Instructions to follow:
Could you copy exactly the lines from the one containing "Used 2025 Nissan" through the last line of the records below, leaving out any pictures?

Listed records:
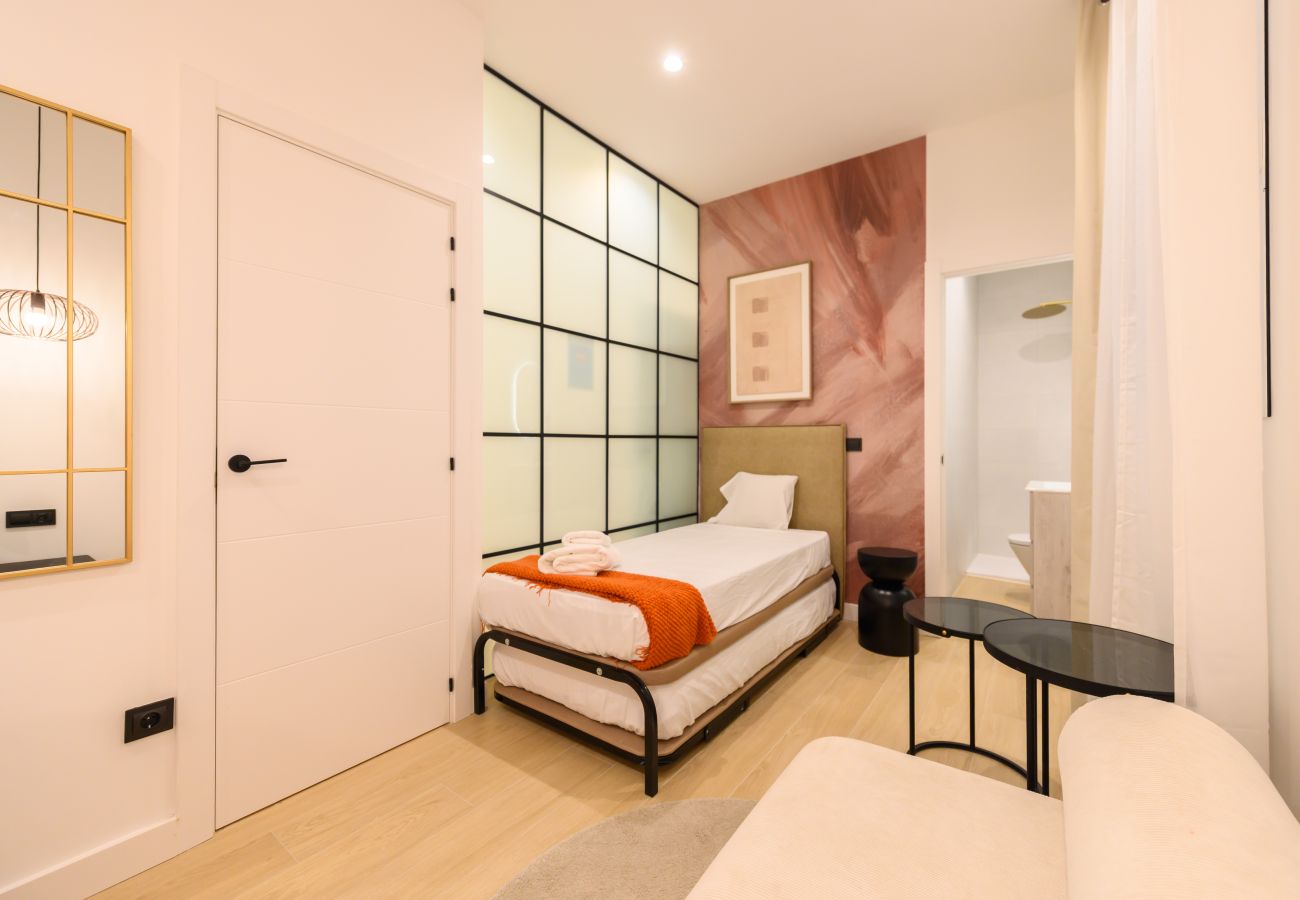 Appartement à Madrid - M (AGU230)Tu hogar en la ciudad: piso de 3 habita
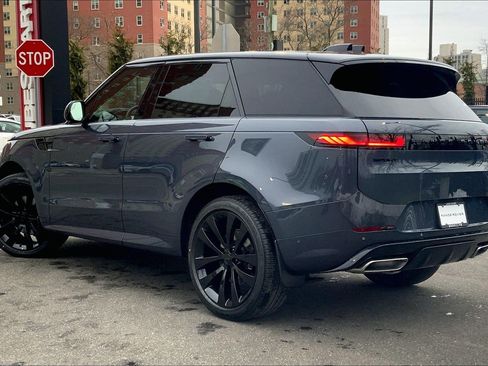 New 2026 Land Rover Range Rover Sport Dynamic SE image 12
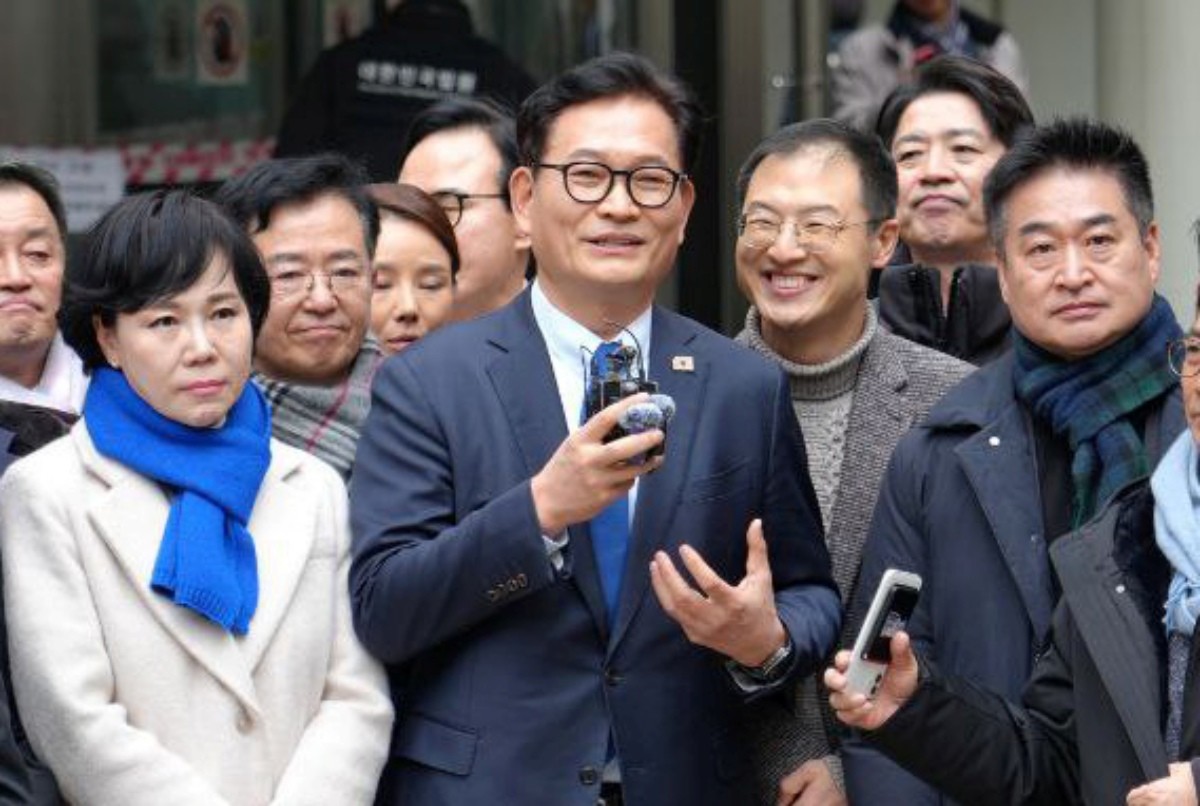 송영길 소나무당 대표가 13일 서울 서초구 고등법원에서 더불어민주당 전당대회 돈봉투 의혹 사건과 관련, 특정범죄가중처벌법상 뇌물 혐의 항소심 무죄를 선고받은 뒤 소감을 말하고 있다. / 소나무당 제공, 뉴스1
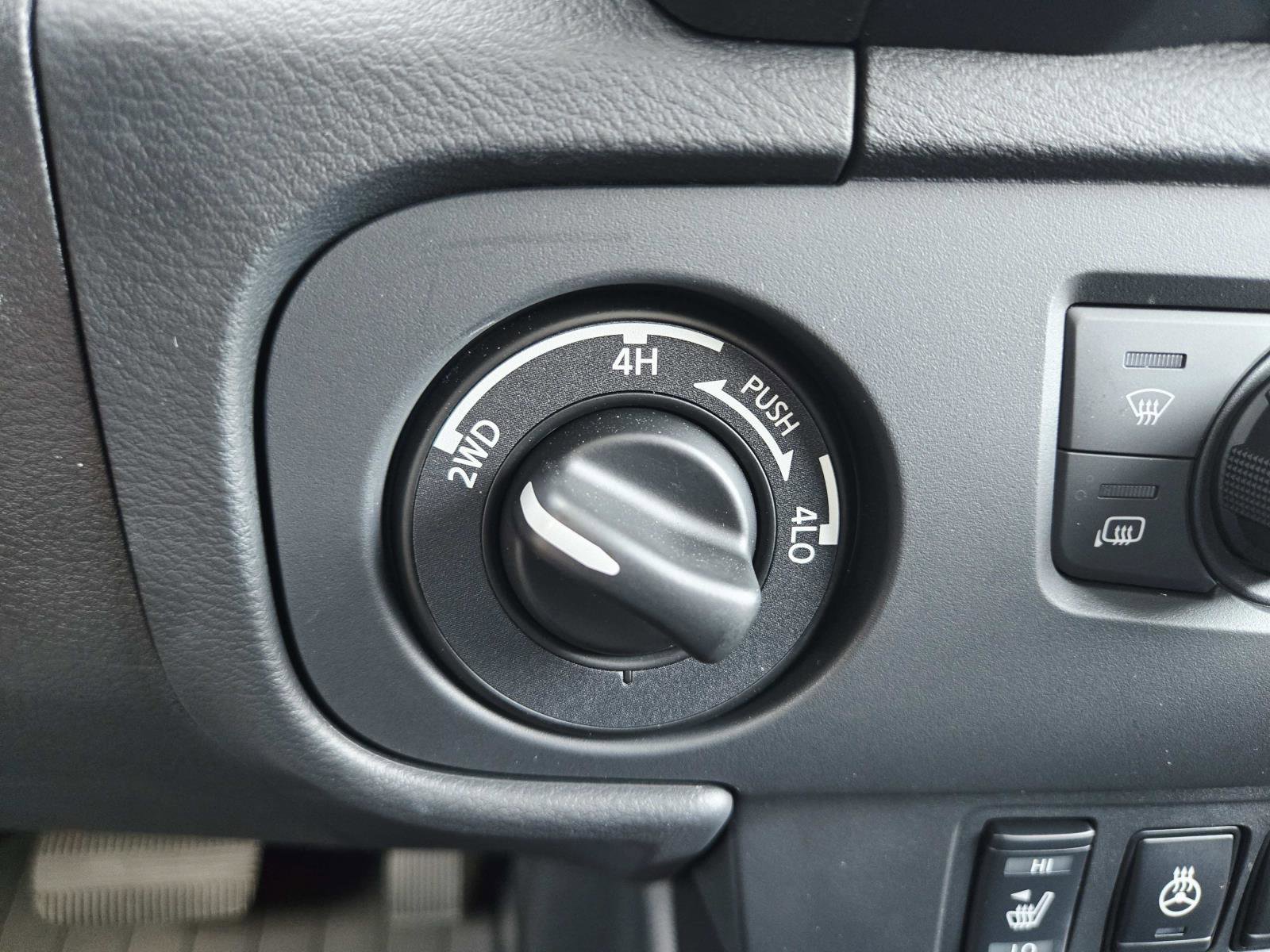 Used 2025 Nissan Frontier PRO-4X w/ Pro Convenience Package AWD/4WD image 34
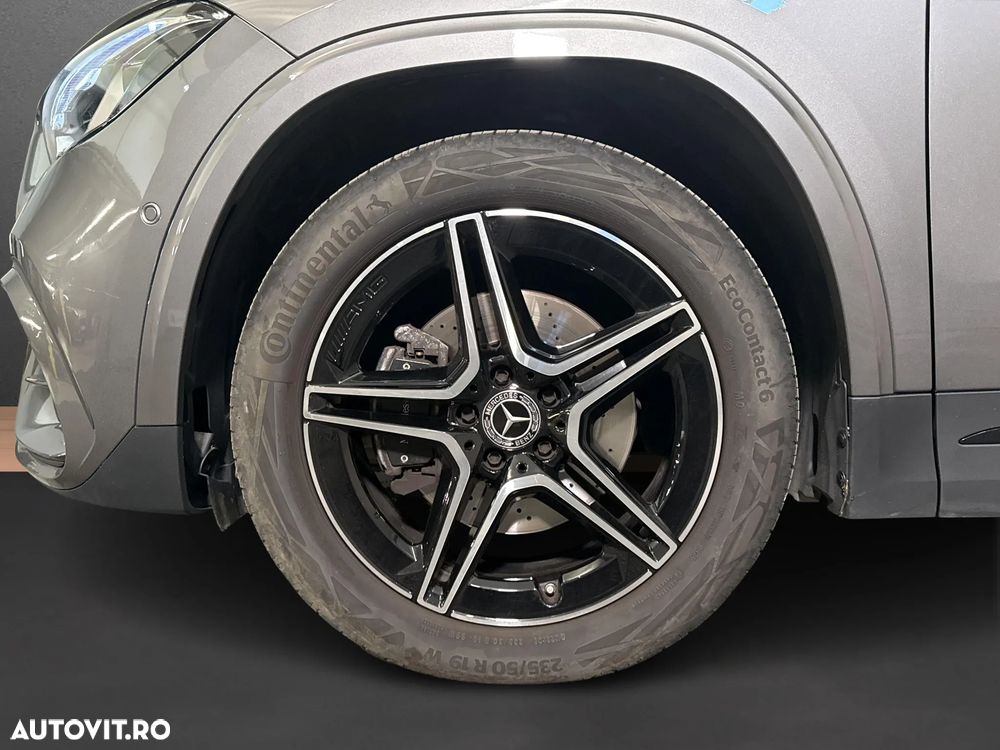 Mercedes-Benz GLA 200 d 4MATIC - 15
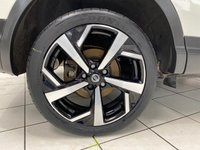 USED 2021 70 NISSAN QASHQAI 1.3 DIG-T N-Motion SUV 5dr Petrol Manual Euro 6 (s/s) (140 ps) STORM WHITE / 3D QUITLED NAPPA LEATHER / PANORAMIC ROOF / TOUCHSCREEN APPLE CARPLAY & ANDROID AUTO / REAR SENSORS / 360 CAMERAS / HEATED SEATS / DAB / CRUISE CONTROL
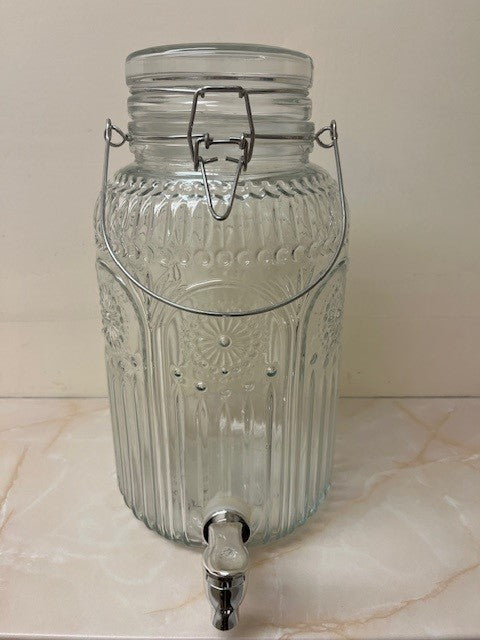 Glass drinks dispenser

Task result:
 Used 2025 Nissan Frontier PRO-4X w/ Pro Convenience Package AWD/4WD image 34
 Mercedes-Benz GLA 200 d 4MATIC - 15
 USED 2021 70 NISSAN QASHQAI 1.3 DIG-T N-Motion SUV 5dr Petrol Manual Euro 6 (s/s) (140 ps) STORM WHITE / 3D QUITLED NAPPA LEATHER / PANORAMIC ROOF / TOUCHSCREEN APPLE CARPLAY & ANDROID AUTO / REAR SENSORS / 360 CAMERAS / HEATED SEATS / DAB / CRUISE CONTROL
 Glass drinks dispenser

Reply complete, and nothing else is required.